Industry reacts to CRTC’s group-based license renewals

Canada’s unions and guilds expressed overall positive reaction to the CRTC group-based license renewals on Wednesday, but reserved judgement on the impact the policies may have on Canada’s television production industry.

“We’re going to have to see how it plays out in the marketplace,” Jay Thomson, VP of broadcasting policy and regulatory affairs, Canadian Media Production Association, tells Playback Daily. “The fact that we now have established expenditure obligations in conventional and pay is a step in the right direction.”

Bell Media, Corus Entertainment and Shaw Media are now required to allocate 30% of gross annual revenue to Canadian programming production, 5% of which must be spent on programs of national interest (PNI). Corus’ PNI obligation is 9%.

Meanwhile, Rogers Media’s English-language services were treated separately, with its commitment to CPE at 23% of its gross national revenue for its conventional stations, 2.5% of which must be dedicated to PNI and another 2.5% to new local programming.

“We’re disappointed that the Commission decided that Rogers was going to be treated differently.

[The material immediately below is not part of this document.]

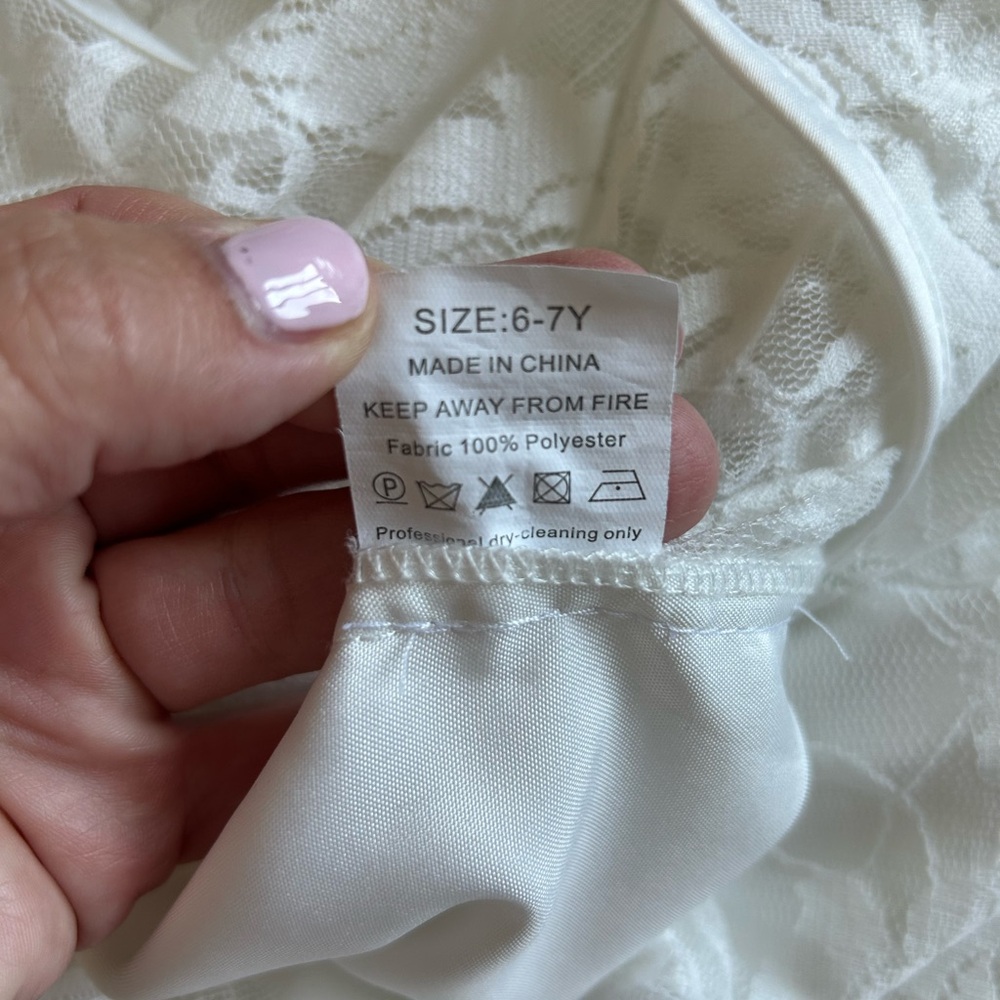 Lace off-white dress, sweet heart neck line w/ lining - Picture 8 of 9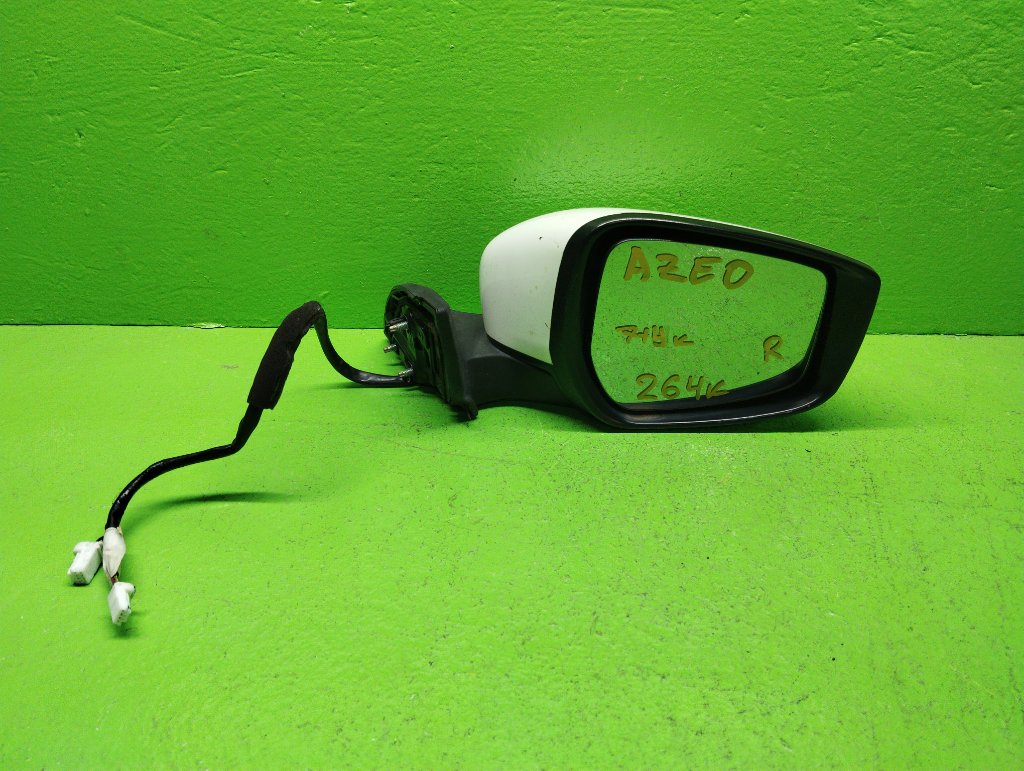 Зеркало NISSAN LEAF AZE0 правое (б/у)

But overall we’re hopeful that this decision will mean more Canadian programming in this system,” adds Thomson.

The Writers Guild of Canada is concerned that the 5% PNI could equal fewer dramas for Canadian audiences.

“It’s better to have this expenditure floor than no minimum at all,” said WGC executive director Maureen Parker in a statement. “The 30% CPE is at the level we requested. But the PNI is well below our recommendation. We won’t really know what this figure means until we see how broadcasters spend, but we’re concerned about the potential impact on production in Canada.”

Parker and the WGC also question the data that the CRTC used to make the 5% PNI decision for Bell and Shaw, which is based on historical spending on quality dramas, documentaries and awards shows over the last three years.

“Based on our analysis of the information we had access to prior to the public hearing, a 5% PNI was clearly not enough,” Parker said, arguing that there was no access to new data and that broadcasters reduced their historical PNI with last-minute data submissions and re-classifications of programming.

ACTRA too had wanted higher PNI percentage, but expressed hope about the policy’s impact.

“While we didn’t get everything we wanted today, at least now we have a structure to work with,” said Ferne Downey, ACTRA national president in a statement. “I hope that broadcasters see their funding requirements as a floor upon which to build new Canadian programming, and not a ceiling to bump up against.”

ACTRA was also denied its request for the requirement that conventional broadcasters air at least two hours of PNI in prime time each week. Downey also expressed concern about the CPE requirements, which can be spread across a broadcaster’s stable of conventional and specialty channels.

“You also have to put it where the most eyeballs are, and that’s on the conventional television networks,” she said. “We agree that broadcasters need flexibility, but ghettoizing Canadian drama on specialty stations would not be the answer.”